YOUR OBJECTIVE: Search the data for the string "Used" and extract every line where it appears.

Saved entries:
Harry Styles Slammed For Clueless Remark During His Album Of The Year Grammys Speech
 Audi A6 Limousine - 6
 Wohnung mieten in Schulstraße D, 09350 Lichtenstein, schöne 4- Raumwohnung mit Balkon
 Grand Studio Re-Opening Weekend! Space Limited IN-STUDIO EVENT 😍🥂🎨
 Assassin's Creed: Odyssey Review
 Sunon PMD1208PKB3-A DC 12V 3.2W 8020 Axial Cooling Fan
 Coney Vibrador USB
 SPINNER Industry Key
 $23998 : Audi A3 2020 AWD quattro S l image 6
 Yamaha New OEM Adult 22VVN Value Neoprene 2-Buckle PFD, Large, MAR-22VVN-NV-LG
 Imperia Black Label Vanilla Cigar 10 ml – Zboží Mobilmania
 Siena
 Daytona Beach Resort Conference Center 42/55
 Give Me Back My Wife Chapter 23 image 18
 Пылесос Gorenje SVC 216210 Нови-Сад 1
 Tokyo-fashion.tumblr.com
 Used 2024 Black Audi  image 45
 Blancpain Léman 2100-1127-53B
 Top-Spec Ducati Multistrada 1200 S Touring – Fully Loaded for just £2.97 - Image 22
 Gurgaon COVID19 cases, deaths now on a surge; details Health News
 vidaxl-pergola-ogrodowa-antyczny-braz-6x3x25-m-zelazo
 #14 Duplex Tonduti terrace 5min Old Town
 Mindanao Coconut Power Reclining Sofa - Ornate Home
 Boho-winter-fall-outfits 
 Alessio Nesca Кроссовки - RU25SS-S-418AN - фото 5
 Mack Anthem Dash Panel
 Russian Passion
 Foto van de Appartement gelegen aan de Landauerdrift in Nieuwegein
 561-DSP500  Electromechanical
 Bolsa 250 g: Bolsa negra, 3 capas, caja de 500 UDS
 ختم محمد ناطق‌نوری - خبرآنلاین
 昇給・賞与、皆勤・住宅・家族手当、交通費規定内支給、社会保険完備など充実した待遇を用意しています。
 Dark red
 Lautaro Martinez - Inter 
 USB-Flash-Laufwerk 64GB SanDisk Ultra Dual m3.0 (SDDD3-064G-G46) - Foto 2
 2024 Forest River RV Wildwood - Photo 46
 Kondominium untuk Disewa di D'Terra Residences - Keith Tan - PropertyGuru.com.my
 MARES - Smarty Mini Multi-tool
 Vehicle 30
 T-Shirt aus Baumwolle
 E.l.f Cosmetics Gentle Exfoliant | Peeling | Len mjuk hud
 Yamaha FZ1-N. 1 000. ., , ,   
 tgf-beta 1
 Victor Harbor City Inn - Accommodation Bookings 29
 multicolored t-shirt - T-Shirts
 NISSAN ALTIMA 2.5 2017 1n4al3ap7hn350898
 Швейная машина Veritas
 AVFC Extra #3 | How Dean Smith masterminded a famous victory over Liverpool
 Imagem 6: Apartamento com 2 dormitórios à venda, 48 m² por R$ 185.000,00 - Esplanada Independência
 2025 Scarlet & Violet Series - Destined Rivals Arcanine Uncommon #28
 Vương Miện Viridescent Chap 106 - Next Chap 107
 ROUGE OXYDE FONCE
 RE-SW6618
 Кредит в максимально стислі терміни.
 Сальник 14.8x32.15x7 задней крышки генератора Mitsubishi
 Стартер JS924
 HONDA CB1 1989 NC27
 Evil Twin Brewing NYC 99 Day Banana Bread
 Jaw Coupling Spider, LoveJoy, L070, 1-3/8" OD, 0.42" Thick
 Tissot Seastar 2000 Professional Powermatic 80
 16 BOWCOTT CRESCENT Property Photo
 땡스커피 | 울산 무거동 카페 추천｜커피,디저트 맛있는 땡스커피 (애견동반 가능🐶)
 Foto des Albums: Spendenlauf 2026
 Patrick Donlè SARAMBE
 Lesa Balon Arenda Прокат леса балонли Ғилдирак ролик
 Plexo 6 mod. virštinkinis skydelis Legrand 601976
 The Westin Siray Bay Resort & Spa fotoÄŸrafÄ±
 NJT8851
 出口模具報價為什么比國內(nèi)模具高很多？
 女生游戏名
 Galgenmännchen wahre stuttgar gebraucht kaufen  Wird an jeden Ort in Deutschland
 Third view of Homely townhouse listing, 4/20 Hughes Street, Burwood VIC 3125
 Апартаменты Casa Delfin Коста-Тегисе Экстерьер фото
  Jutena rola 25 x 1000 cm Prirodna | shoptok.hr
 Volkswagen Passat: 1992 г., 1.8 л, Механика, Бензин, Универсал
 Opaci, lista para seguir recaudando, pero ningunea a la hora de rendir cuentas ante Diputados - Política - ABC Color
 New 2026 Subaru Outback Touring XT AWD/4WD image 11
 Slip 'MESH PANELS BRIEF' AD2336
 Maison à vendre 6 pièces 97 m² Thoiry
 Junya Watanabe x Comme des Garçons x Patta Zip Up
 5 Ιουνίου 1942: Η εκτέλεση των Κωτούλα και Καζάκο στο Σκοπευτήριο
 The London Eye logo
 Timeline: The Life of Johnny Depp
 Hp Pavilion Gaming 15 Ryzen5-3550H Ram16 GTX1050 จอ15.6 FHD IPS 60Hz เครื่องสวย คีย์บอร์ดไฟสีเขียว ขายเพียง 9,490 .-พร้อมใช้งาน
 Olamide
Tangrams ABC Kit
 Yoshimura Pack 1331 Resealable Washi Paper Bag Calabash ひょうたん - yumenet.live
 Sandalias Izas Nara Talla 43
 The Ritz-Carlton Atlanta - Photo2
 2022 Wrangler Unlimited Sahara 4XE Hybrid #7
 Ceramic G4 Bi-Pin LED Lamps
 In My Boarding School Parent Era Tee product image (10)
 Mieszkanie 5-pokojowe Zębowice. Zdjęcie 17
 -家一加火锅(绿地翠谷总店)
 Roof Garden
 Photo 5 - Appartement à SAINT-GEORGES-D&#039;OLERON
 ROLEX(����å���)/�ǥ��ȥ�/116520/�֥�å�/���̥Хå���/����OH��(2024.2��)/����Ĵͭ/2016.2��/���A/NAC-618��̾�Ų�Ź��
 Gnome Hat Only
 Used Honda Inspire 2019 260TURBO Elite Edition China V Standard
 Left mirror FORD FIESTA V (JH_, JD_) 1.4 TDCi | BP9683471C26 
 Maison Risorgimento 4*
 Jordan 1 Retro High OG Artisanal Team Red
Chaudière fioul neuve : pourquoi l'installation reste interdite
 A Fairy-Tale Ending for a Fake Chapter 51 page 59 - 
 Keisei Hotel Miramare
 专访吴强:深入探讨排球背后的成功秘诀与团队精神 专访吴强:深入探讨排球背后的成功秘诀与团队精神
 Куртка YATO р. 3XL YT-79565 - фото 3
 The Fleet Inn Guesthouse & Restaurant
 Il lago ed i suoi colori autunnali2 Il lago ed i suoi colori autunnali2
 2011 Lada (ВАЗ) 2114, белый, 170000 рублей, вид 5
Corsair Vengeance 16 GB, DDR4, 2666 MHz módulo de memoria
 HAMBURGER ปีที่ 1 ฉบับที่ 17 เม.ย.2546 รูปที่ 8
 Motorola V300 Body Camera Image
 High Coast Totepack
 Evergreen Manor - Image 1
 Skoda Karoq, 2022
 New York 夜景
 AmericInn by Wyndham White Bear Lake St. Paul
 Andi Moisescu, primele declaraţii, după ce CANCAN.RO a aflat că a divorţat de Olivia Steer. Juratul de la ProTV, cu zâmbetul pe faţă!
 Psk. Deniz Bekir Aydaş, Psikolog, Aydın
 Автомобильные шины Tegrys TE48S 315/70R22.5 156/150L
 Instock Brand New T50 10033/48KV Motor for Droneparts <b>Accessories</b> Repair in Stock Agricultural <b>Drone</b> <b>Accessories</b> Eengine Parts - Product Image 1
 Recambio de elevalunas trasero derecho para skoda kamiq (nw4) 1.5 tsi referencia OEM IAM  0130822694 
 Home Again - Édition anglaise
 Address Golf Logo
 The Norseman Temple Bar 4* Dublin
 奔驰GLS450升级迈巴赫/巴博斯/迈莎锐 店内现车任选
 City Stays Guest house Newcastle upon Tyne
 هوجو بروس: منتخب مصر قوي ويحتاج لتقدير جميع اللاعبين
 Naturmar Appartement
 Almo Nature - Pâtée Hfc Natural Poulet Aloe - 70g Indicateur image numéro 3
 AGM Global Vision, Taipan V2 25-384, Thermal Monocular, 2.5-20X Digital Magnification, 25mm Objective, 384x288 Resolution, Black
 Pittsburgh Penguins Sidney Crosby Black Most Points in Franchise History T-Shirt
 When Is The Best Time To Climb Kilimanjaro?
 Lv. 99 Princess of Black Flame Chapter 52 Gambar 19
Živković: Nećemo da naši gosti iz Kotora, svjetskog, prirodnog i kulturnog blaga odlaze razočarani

ANSWER FOR THIS EXERCISE:
 Used 2024 Black Audi  image 45
 Used Honda Inspire 2019 260TURBO Elite Edition China V Standard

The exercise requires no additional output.